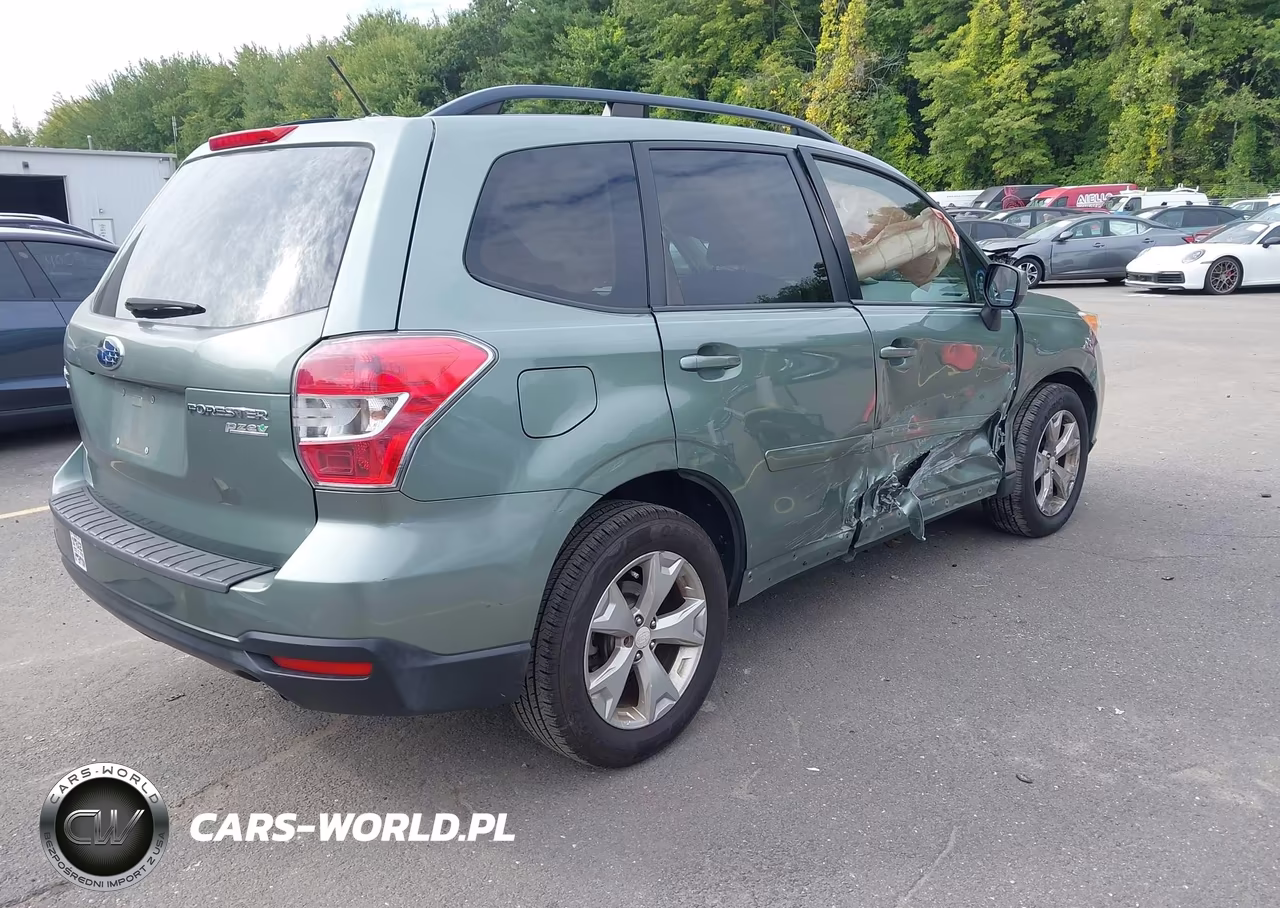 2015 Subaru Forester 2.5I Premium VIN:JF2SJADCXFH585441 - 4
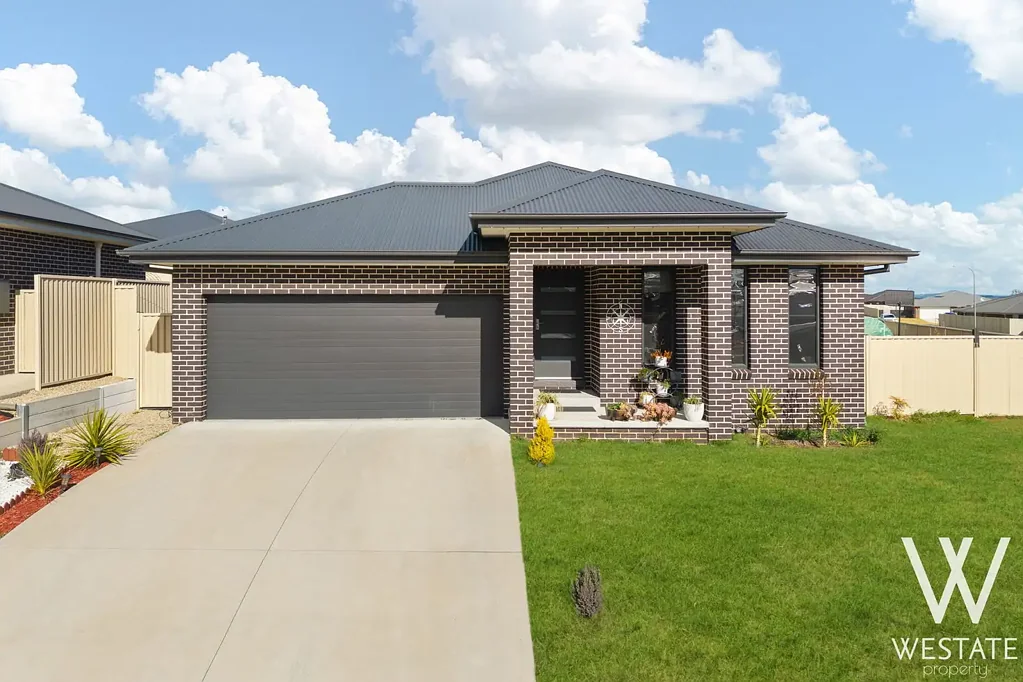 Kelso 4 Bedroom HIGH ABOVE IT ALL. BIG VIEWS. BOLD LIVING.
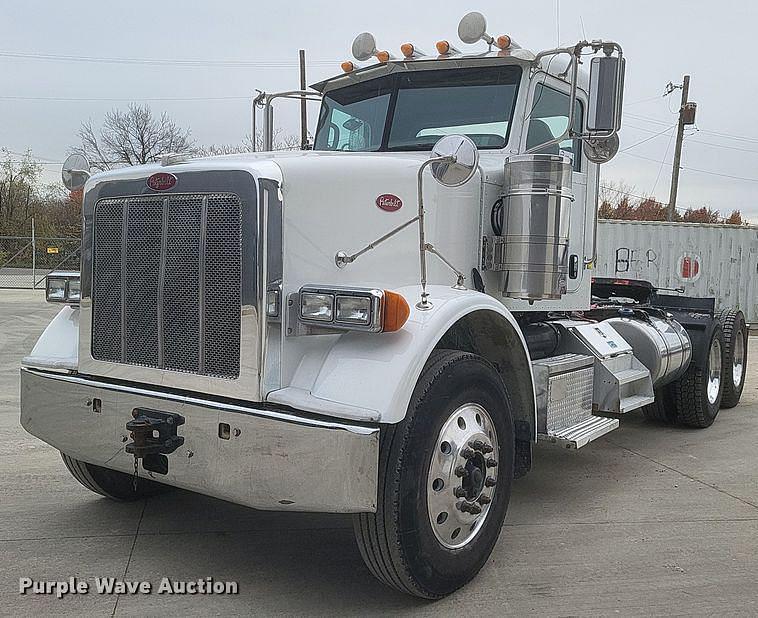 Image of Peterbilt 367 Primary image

» **EXERCISE REQUIREMENTS**
Take the listing above and print it exactly, apart from the pictures.

» **EXERCISE RESPONSE**
 2015 Subaru Forester 2.5I Premium VIN:JF2SJADCXFH585441 - 4
 Kelso 4 Bedroom HIGH ABOVE IT ALL. BIG VIEWS. BOLD LIVING.
 Image of Peterbilt 367 Primary image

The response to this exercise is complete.